Measuring cultural impact of Northern cities
Picture: Looking North from The Museum of Liverpool (Ant Clausen) to Liverpool Waters
At RIBA North last week we looked at how Brexit might affect the future of culture and tourism in the wider North. Our panel of cultural leaders was asked how cultural impact can be measured - for cities, communities and individuals.- and also how museums are embracing digital strategies to widen audiences in Liverpool and beyond.

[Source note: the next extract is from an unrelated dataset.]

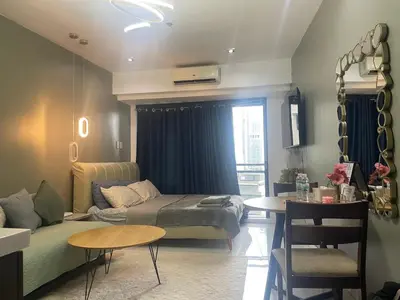 a living room with a couch and a table at Studio for 4 with Netflix, 55in TV, 200Mbs net, in heart of Makati in Manila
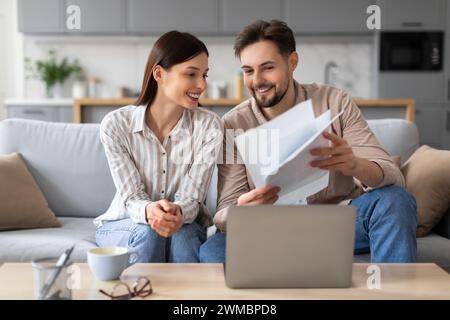 Smiling european spouses reviewing documents in front of laptop Stock Photo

Director of Culture Liverpool, Claire McColgan, who organised the successful 2008 European Capital of Culture bid, described the energy and determination in Liverpool behind the ongoing cultural offer:
'We invest more in our cultural organisations than any other city in the country, because if we don't have a creative city, we are just managing decline - in the face of austerity. Dr Beatriz Garcia's 'Impacts 18 European Capital of Culture Legacies 10 years on' research around the economic and social impact on Liverpool, found that community participation in Everton had gone up by 500%. Confidence is much harder to assess, but you can feel the generational change.'
Shelagh McNerney, who is on the board of trustees at The Lowry in Salford then asked about the link with the private sector: how do you garner the cultural story to attract private money in, or does that present problems?
Helen Legg, Director of Tate Liverpool replied: 'It's critical that we allocate space to culture for the long term. Development can squeeze artists out of cities, as it has done, partly, in Bristol.'
Claire added: 'In Liverpool, the city has gone on a huge journey, before 2008 confidence was low. Winning the Bid brought the city together. We engaged communities from the start. It gave the city confidence - Capital of Culture was a real moment, but these awards are not prizes but scholarships, Liverpool has huge ambition but the challenge for UK cities is creating a united front to the world...with the cruise liners coming in people talk about Liverpool differently now, and we attract all sorts of people, students, businesses and tourists. There is a buzz on the streets now.'
Claire was also asked 'Can you overdose on festivals?
' No', she said 'because tourists are changing. But the key challenge for cities bidding for cultural prizes, is how do you continue to stand out with your story when every other city is fighting for attention? Culture is only a silver bullet if you have the infrastructure, the political will, the talent and the organisation. Otherwise you only have fizz and that does not last.'
Picture: The Royal Albert Dock (housing Tate Liverpool) looking North to RIBA North HQ, the Three Graces and the new Museum of Liverpool
Sue Grindrod, Chief Executive of the Royal Albert Dock, furthered the debate by saying that you can never take any cultural project for granted, but in this day as in the past, you need to keep evolving:
'When the Dock was regenerated in the 1980's it was the only show in town, as there was no Liverpool One, no Arena and conference centre, and no Museum of Liverpool on the waterfront. In 2016 the new owners, Aberdeen Asset Management and the Royal Albert Dock Company, commissioned a report by the Heseltine Institute to get some 360 degree feedback on how we were viewed. This was a bit of a wake-up call. We were relying in 2016 on the Tate etc to drive audiences. We have a complex stakeholder group but we used the 175th Anniversary as a hook and to reflect heritage and develop a vision on how we could be part of the economic future of the city. We have got more competition but it's not just about one place, the connectivity and spatial strategies are very important. It's fantastic what is happening with Peel Group and Everton FC further along the waterfront but If we don't know how we will connect up in future, we may all end up being silo'd.'
Helen Legg of Tate Liverpool commented:
'I am really fascinated by the idea of 'withdrawing', what are our connections with the rest of the world now, how do we think that through with works of art? We have to stand partly on our own two feet, so we have to think about audiences differently from Tate in London. We have to more entrepreneurial which is crucial in regeneration, as culture can be a catalyst in this. People use museums for much more social uses, to drink coffee, to meet friends. We need to think about this in how we evolve Tate Liverpool.'
Janet Dugdale, Director of National Museums Liverpool then talked about the growth of digital as a tool and the reach worldwide:
'We welcome 3.3 million visitors a year to our eight museums. We are funded directly by central government, unusually for a regional city. From the first enclosed wet dock in the world...we can now extend our reach with digital...our slavery museum has had more than 4 million visitors and many digital visitors are American and of school age. Our Terracotta Warriors exhibition had a impact on the wider region of £78 million.
We are continuing to discuss these important themes as our April 'Art and Cities' forum at the Goldsmiths' Hall, in the City of London.